It’s a technology which has been donning our skylines for decades now, yet it can still be said that GPS for car tech has plenty of myths surrounding it. In short, the reason behind this is because it is widely misunderstood and through the course of today’s post, we will take a look at these devices in more detail to see just which misconceptions need debunking for good.
Myth #1 – The government tracks civilians with GPS devices
As everyone knows, we all love a good government conspiracy theory. Unfortunately, this one is plainly wrong – at least in most cases.
In an ideal world for the authorities, it would be possible to track each and every person. However, there’s a slight problem with this; most devices that take advantage of GPS technology are only capable of receiving signals. In other words, they are not able to relay this location information back to anyone, let alone the government. Even if they wanted to find out the whereabouts of people, it’s impossible with the majority of devices that the public own.
Myth #2 – Your GPS receiver won’t function properly if it’s cloudy
There is at least an apparent reason why this myth is so commonplace. As anyone who has watched satellite TV in bad weather will testify, it tends to take a turn for the unreliable on these occasions. Fortunately, GPS technology doesn’t follow the same principles. It’s actually based on a completely different type of signal.
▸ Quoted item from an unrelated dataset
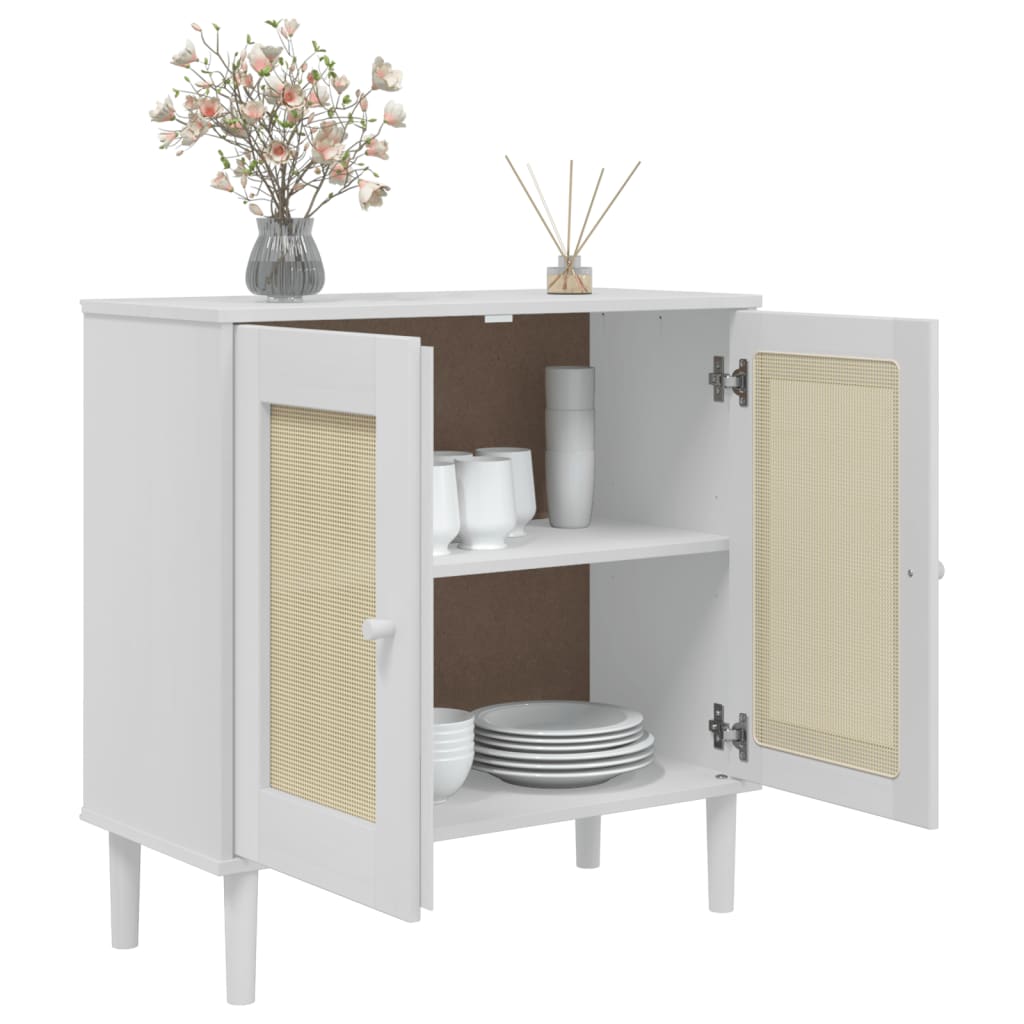 Vidaxl Senja Cabinet, Rattan Imitation, White, 80X35X80 Cm, Pine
Sure, these signals are going to be affected if there is anything getting in the way of them, but luckily for most people this doesn’t involve clouds. Instead, objects that could interfere with them include buildings and mountains. In other words, dense materials.
Myth #3 – You should always rely on your GPS to find the best route
If only this were the case. Some companies are devising programs that can overlay traffic information with GPS signals, but until you find a reliable one of these there is never a guarantee that GPS device is going to find the best route for you.
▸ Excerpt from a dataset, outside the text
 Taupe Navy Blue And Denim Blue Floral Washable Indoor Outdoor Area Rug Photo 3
Instead, it’s probably going to find the shortest route – but this isn’t necessarily going to be the fastest for you. Of course, in finding the shortest route it also needs to take into account the roads – you can’t rely on the information being as the crow flies.
Myth #4 – A military GPS signal is better than what civilians receive
The government have stated that this isn’t true, although there is a caveat. One of the reasons a lot of people think that the military GPS is more accurate is because they rely on two signals. These two signals come from the exact location as where civilians receive there from, but the difference is that this time civilians have just one to go off. Ultimately, while it might seem better, both are tapping into the same ones from space.